==== Data excerpts ====
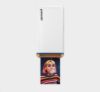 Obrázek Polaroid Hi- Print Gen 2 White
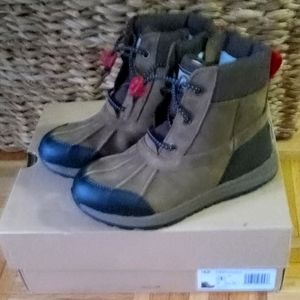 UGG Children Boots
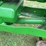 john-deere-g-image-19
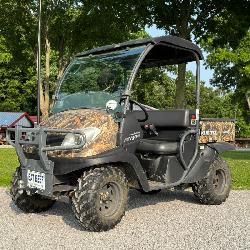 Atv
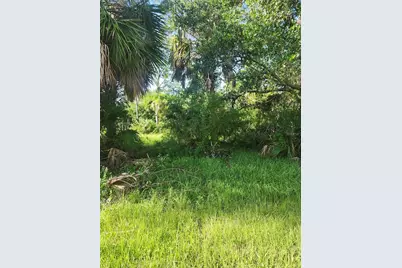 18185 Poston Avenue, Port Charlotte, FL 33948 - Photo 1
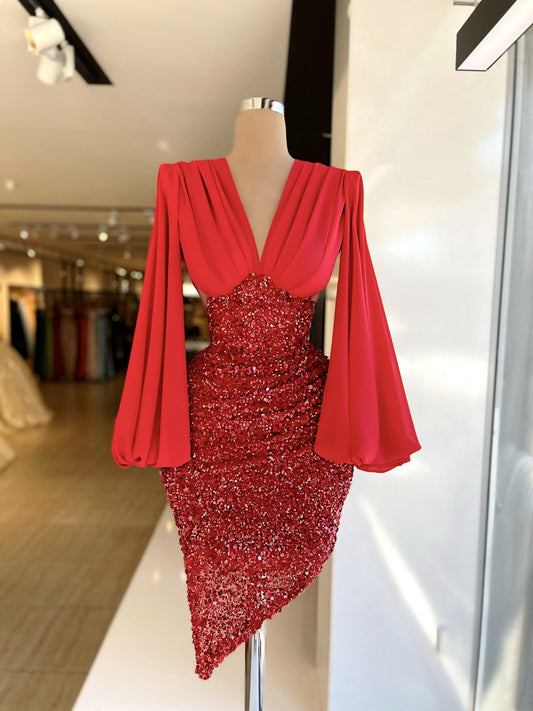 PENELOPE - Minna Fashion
====
# Exercise prompt
From the line that contains "UGG Children Boots" to the last line of the data, print each line exactly, both ends included, and omit the pictures.

# Expected output
 UGG Children Boots
 john-deere-g-image-19
 Atv
 18185 Poston Avenue, Port Charlotte, FL 33948 - Photo 1
 PENELOPE - Minna Fashion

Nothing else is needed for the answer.